Cuba’s flag (1902) bears five stripes—three blue, two white—and a red hoist triangle charged with a white five‑pointed star. Conceived by Narciso López in 1849 for the independence cause, blue marks the island’s historic departments, white purity and justice, red courage and sacrifice, and the lone star sovereignty. A 1:2 ratio and protocol regulate construction, display, and dignified retirement.
The Cuban flag—La Estrella Solitaria—arose from mid‑nineteenth‑century liberation movements. Designed in New York in 1849 by the Venezuelan‑born general Narciso López with the poet Miguel Teurbe Tolón, it married republican iconography to the geography and aspirations of the island: five horizontal stripes alternating blue (three) and white (two); a red equilateral triangle at the hoist; and a single white star at the triangle’s centre.

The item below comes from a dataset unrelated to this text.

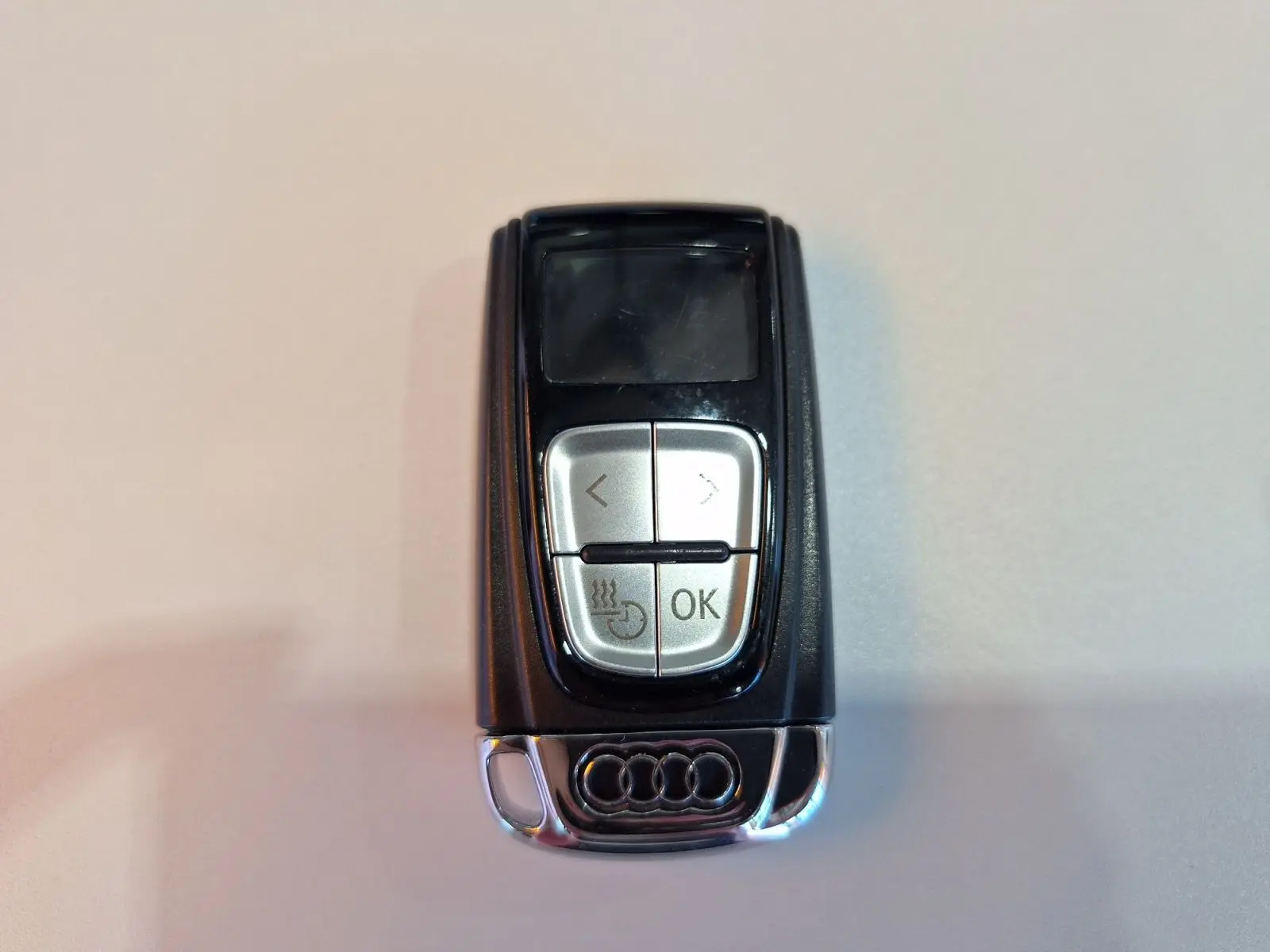 Télécommande Audi noire avec logo chromé, vue de dessus sur fond clair, boutons argentés visibles.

The blue stripes referenced the island’s colonial administrative divisions; white signified purity of purpose and justice; the red triangle evoked sacrifice and, in Masonic parlance, liberty, equality, and fraternity; while the solitary white star expressed the goal of an independent state. López first raised the flag at Cárdenas in 1850. Though the expedition failed and Spain retained control for decades, the banner circulated through the Ten Years’ War (1868–1878) and later revolutionary campaigns as the emblem of Cuban nationhood.
On 20 May 1902, coinciding with the proclamation of the Republic of Cuba after U.S. occupation ended, the López design was adopted officially as the national flag. Constitutional and statutory texts fixed a 1:2 proportion and set out construction sheets for the triangle and star to standardise manufacture. The state prescribed display on public buildings, at diplomatic missions, and within the armed forces, with penalties for desecration and misuse.

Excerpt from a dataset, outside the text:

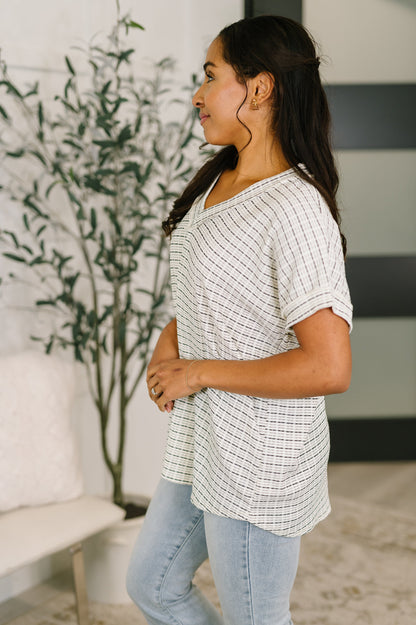 Woman wearing a checkered shirt and jeans standing in a room with a plant and furniture.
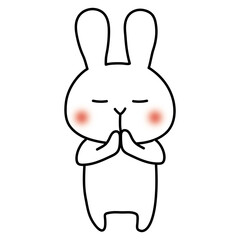 手を合わせて願い事をする白いうさぎ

The flag’s symbolism has remained constant across the twentieth century, including after 1959. While the government restructured politics and state emblems in other spheres, the national flag was preserved in its 1902 form as a unifying symbol across social and political currents. Variants exist for naval and presidential use, but the basic composition dominates civic and ceremonial contexts.
Protocol
requires the flag to be clean, intact, and properly hoisted, never touching the ground; worn flags are retired respectfully, commonly by burning. On national commemorations—10 October (beginning of the independence wars), 1 January (Triumph of the Revolution), and 20 May (Republic Day)—public display of the flag is widespread, while abroad it signals Cuban sovereignty at embassies and multilateral fora.
Cuba’s banner thus links the island’s revolutionary past to its sovereign present: austere geometry, powerful colour contrasts, and a single guiding star that remains legible and distinctive across plazas, ships, stadiums, and diplomatic halls.